Start of Collected material
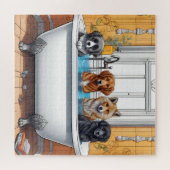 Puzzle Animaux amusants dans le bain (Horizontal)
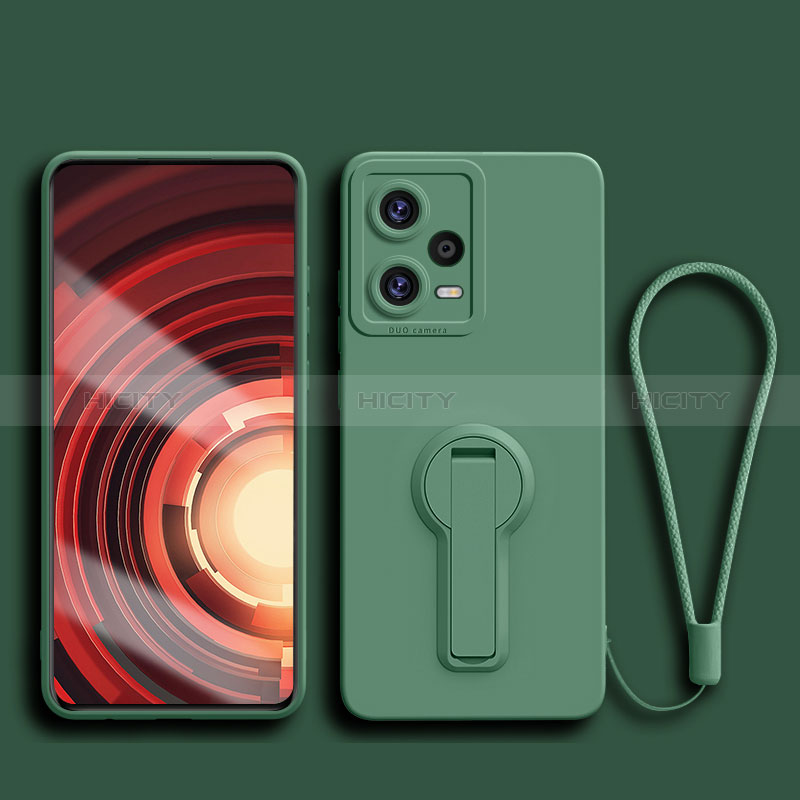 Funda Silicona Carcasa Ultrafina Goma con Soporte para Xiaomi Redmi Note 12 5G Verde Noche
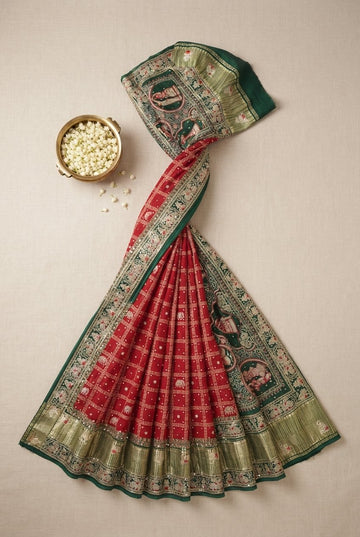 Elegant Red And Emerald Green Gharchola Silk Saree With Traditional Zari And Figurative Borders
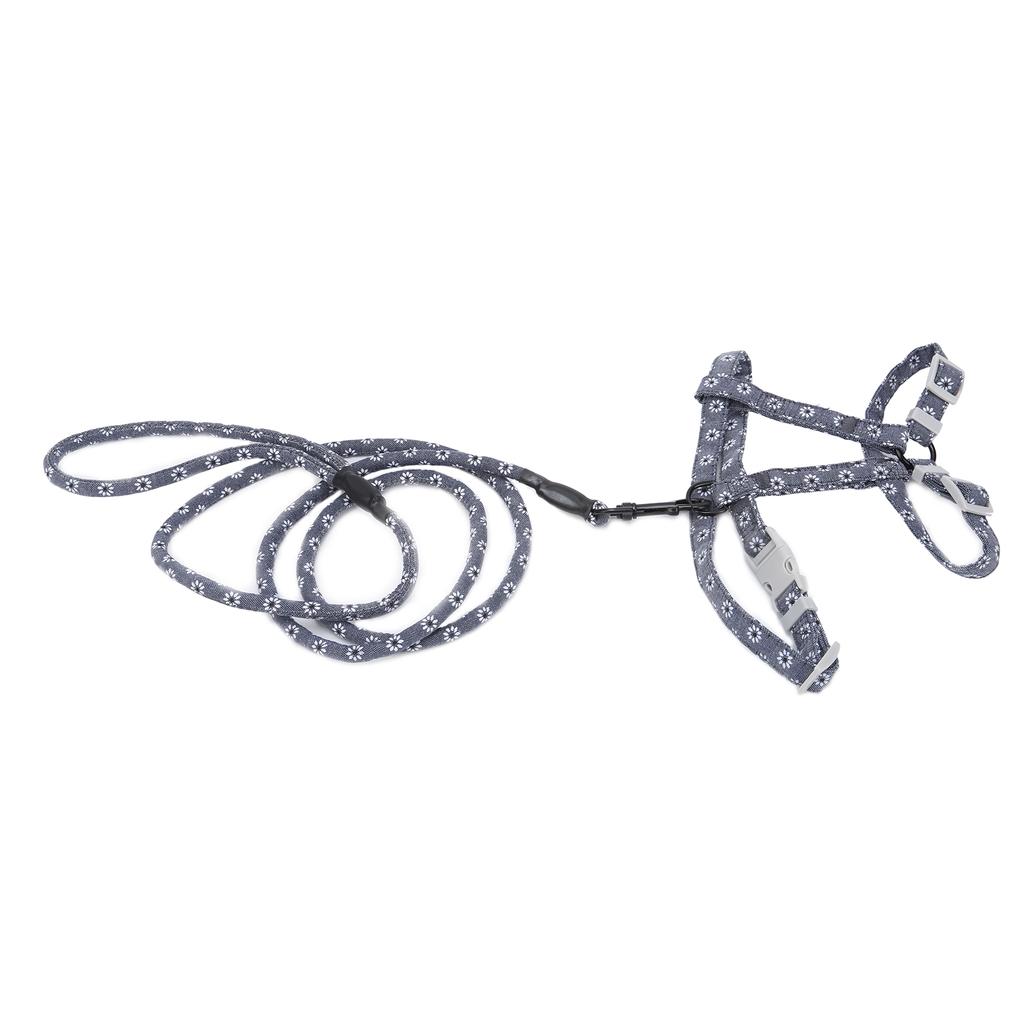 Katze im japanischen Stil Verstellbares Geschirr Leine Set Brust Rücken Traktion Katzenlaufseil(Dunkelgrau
End of Collected material
**Required work:** Print the data exactly as written, dropping any images it holds.

**Result for this task:**
 Puzzle Animaux amusants dans le bain (Horizontal)
 Funda Silicona Carcasa Ultrafina Goma con Soporte para Xiaomi Redmi Note 12 5G Verde Noche
 Elegant Red And Emerald Green Gharchola Silk Saree With Traditional Zari And Figurative Borders
 Katze im japanischen Stil Verstellbares Geschirr Leine Set Brust Rücken Traktion Katzenlaufseil(Dunkelgrau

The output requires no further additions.